By Claudia Williamson, Post-Doctoral Fellow, Development Research Institute
Rhetoric on “aid effectiveness” keeps escalating, is there anything to show for it?
The past (almost) two years, Bill and I have been collecting data, combing through that data, and refining the numbers to ‘grade’ aid agencies and assess overall trends in aid practices. We waited until our paper passed peer review to release our findings. Rhetoric versus Reality: The Best and Worst of Aid Agency Practices has now been accepted for publication in a special issue of World Development. 
Our work updated Easterly and Pfutze’s 2008 study, Where Does the Money Go: Best and Worst Practices in Foreign Aid, on five dimensions of agency ‘best practices’: aid transparency, minimal overhead costs, aid specialization, delivery to more effective channels, and selectivity of recipient countries based on poverty and good government. Based on these measures, we calculate an overall agency score using original data and 2008 OECD data. These scores only reflect the above practices; they are NOT a measure of whether the agency’s aid is effective at achieving good results.
There is slight improvement in transparency and more donors are moving away from ineffective channels. But transparency is still at unacceptably low levels. For example, two agencies (MOFA Japan and France’s DgCiD) fail to report any aid data at all.
The most conspicuous failures in both trends and levels are in specialization and selectivity. Luxembourg is as unspecialized as the US with a 70th of the aid flow. Many such unspecialized small donors likely have most of their aid eaten up by fixed costs before the funds reach any beneficiaries. At the same time, allocation to corrupt countries is increasing, not decreasing. Aid to corrupt autocrats is not explained by emphasis on the least developed countries; donors such as the US, Sweden, and Norway do poorly on both income selectivity and autocracy/corruption selectivity.
DFID is one of ten agencies that fully reports aid flows to OECD, and it lists number of staff, administrative costs, salaries and benefits and its ODA budget on its website. DFID also has relatively low administrative costs and salaries and benefits relative to aid disbursements (2.6% and 1.6% respectively). DFID relies on more effective channels of aid disbursements, not tying any of its aid and dispersing relatively little food aid (1.3%) (pages 53-54).

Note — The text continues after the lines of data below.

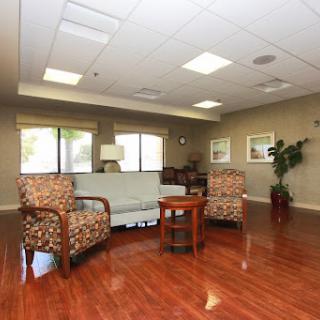 A cozy waiting area featuring comfortable chairs, a small table, and natural light from large windows.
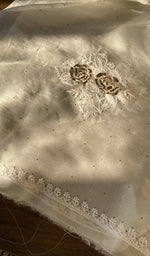 The ivory kurta, spread out flat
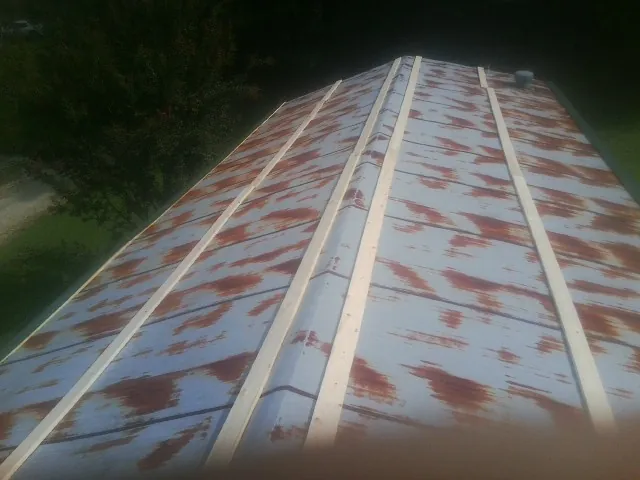 Rusted metal roof panels with new wood purlins before replacement — Storm Damage Roof Repair in Licking by Roofing Brothers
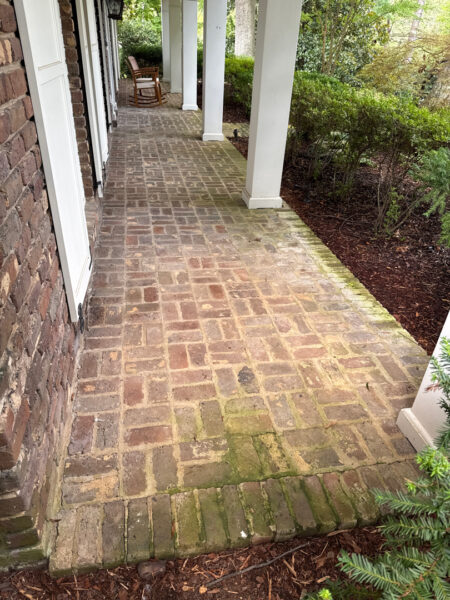 This project involved a comprehensive soft wash and detailed exterior cleaning of a Chattanooga residence, encompassing the house, porches, concrete surfaces, gutters, and outbuildings to remove organic buildup and restore a uniform appearance.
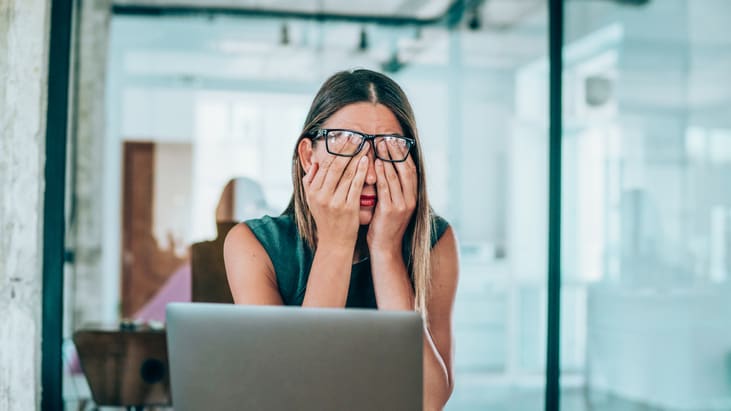 A woman covering her eyes while working on a laptop.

Japan, New Zealand, and Germany also do well, rounding out the top five best agencies. The United States ranks below average mainly because of poor performance on selectivity and choosing to allocate aid through ineffective channels. As we write in the paper, “the foreign policy needs of the US superpower and the lobbies for particular aid channels seem to dominate the politics of American aid” (page 54).

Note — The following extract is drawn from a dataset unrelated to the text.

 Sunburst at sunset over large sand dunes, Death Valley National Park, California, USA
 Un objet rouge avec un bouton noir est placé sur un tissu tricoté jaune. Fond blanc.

Another theme that emerged is that the Scandinavian countries’ reputation of altruism based on aid volume does NOT translate to good practices; they have below average scores on specialization and transparency and are mediocre in the overall ranking.

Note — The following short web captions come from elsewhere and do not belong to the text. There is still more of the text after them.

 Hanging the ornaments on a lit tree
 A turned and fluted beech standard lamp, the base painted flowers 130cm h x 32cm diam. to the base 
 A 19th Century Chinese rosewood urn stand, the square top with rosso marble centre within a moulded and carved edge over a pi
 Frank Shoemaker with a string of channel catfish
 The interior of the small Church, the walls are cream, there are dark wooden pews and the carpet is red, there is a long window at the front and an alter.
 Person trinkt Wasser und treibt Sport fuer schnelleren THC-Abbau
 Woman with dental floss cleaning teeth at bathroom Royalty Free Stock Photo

Lastly, the UN agencies on average are worse than the other multilateral agencies and the bilateral agencies, and the differences are statistically significant. Above all, they are worse on overhead and transparency. On overhead, they have an average ratio of 46 percent of administrative costs to ODA. UNDP reports no data on its operating costs or ODA, now even worse than its minimal reporting in 2008.
The two goals of the paper were to test if: 1) donors’ rhetoric matches reality; and 2) they are making any improvements in doing so. Our answer is no on both accounts.
Postscript: Fortunately, we are now part of a larger community running independent checks on aid. For other recent aid quality exercises, see Birdsall and Kharas, 2010; Knack, Rogers and Eubank, 2010; and Ghosh and Kharas, 2011.